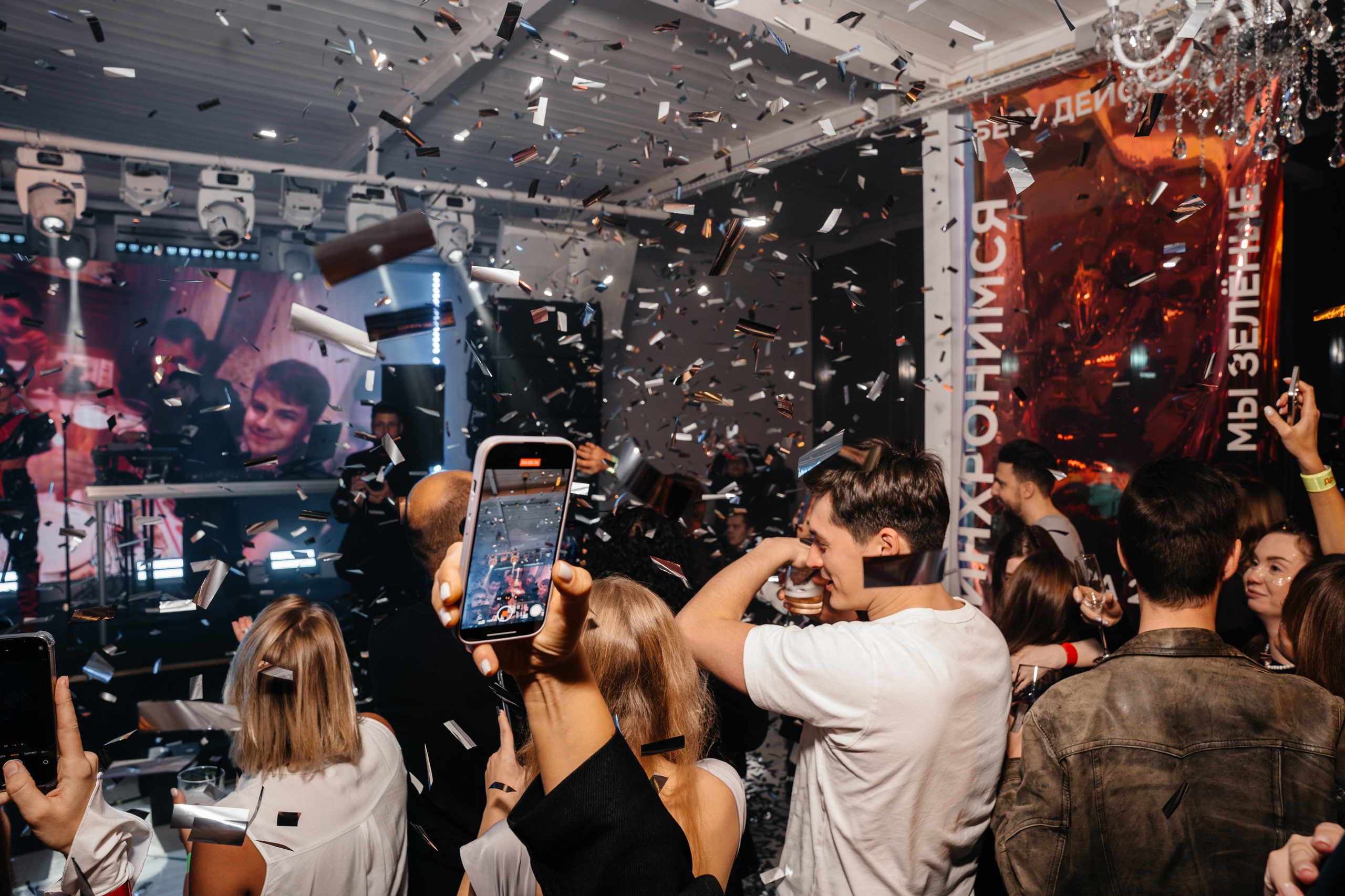 Съемка корпоратива для IT-Agency. Свадебный фотограф Барнаул Алексей Павлов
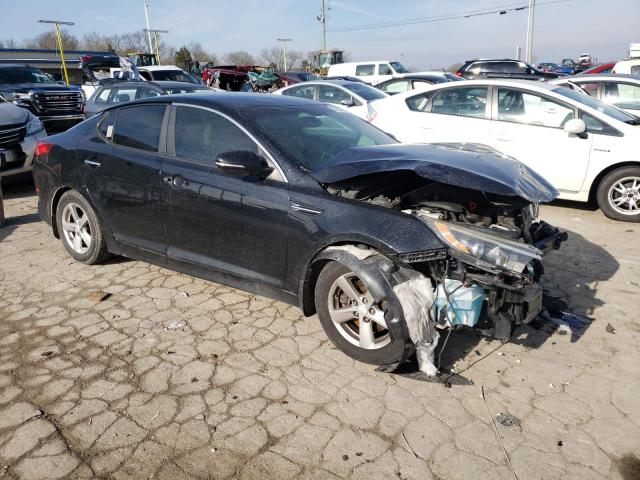 Photo 4 from auction – 2015 KIA OPTIMA LX with VIN 5XXGM4A79FG464319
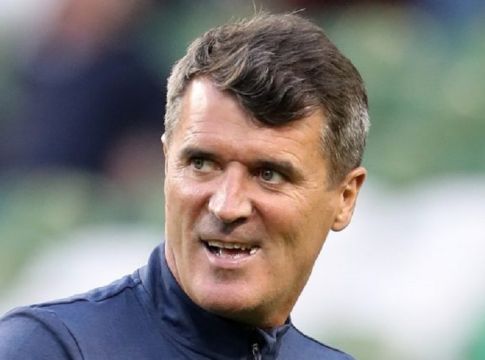 Δεν υπάρχει αυτό που έκανε ο Ρόι Κιν – Ευχήθηκε στη σύζυγό του με… κομμένη φωτογραφία (pic)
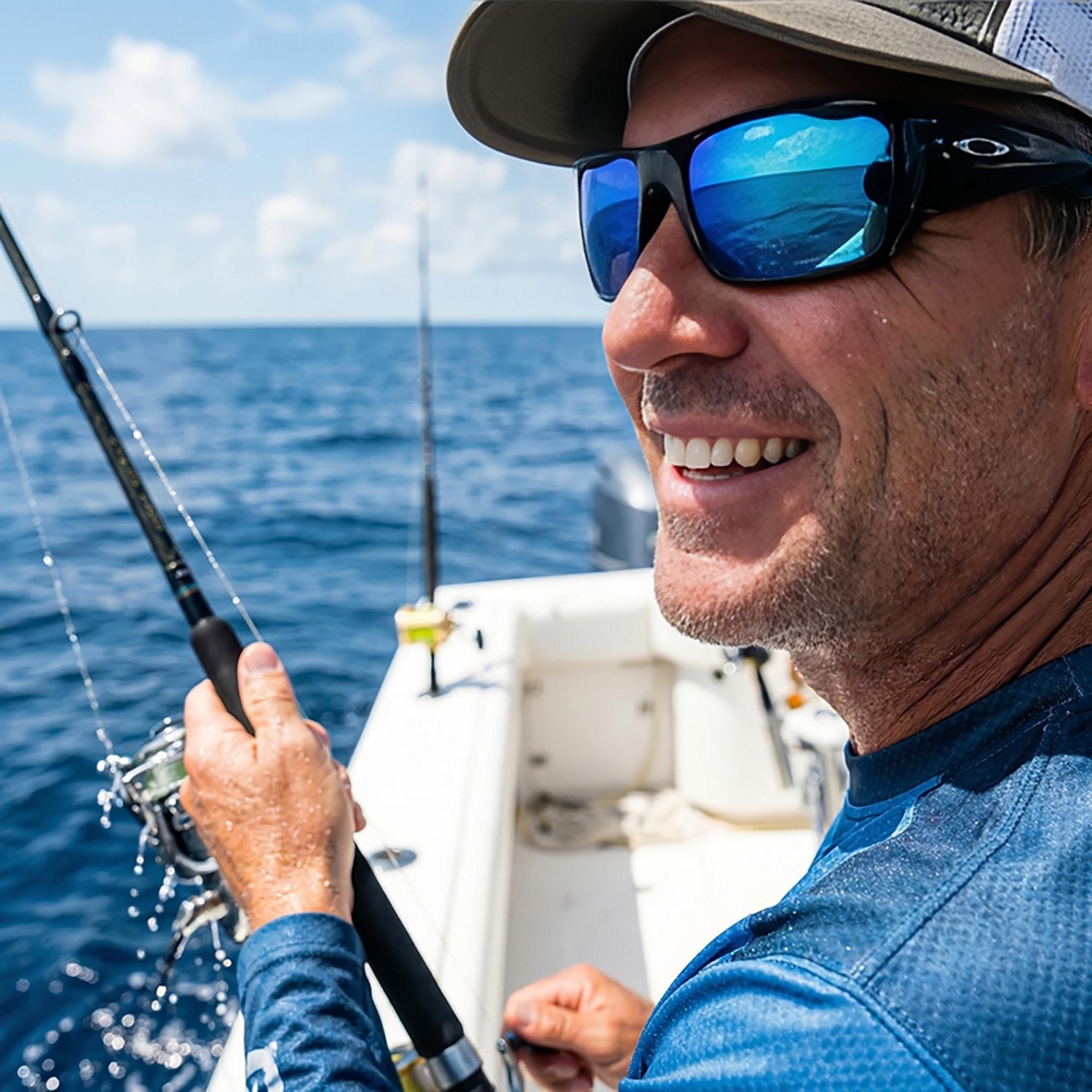 Oakley Adults' Masseter Sunglasses - view number 8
==============================
Exercise instructions: Transcribe the whole of the data exactly, minus any pictures.

Task answer:
 Съемка корпоратива для IT-Agency. Свадебный фотограф Барнаул Алексей Павлов
 Photo 4 from auction – 2015 KIA OPTIMA LX with VIN 5XXGM4A79FG464319
 Δεν υπάρχει αυτό που έκανε ο Ρόι Κιν – Ευχήθηκε στη σύζυγό του με… κομμένη φωτογραφία (pic)
 Oakley Adults' Masseter Sunglasses - view number 8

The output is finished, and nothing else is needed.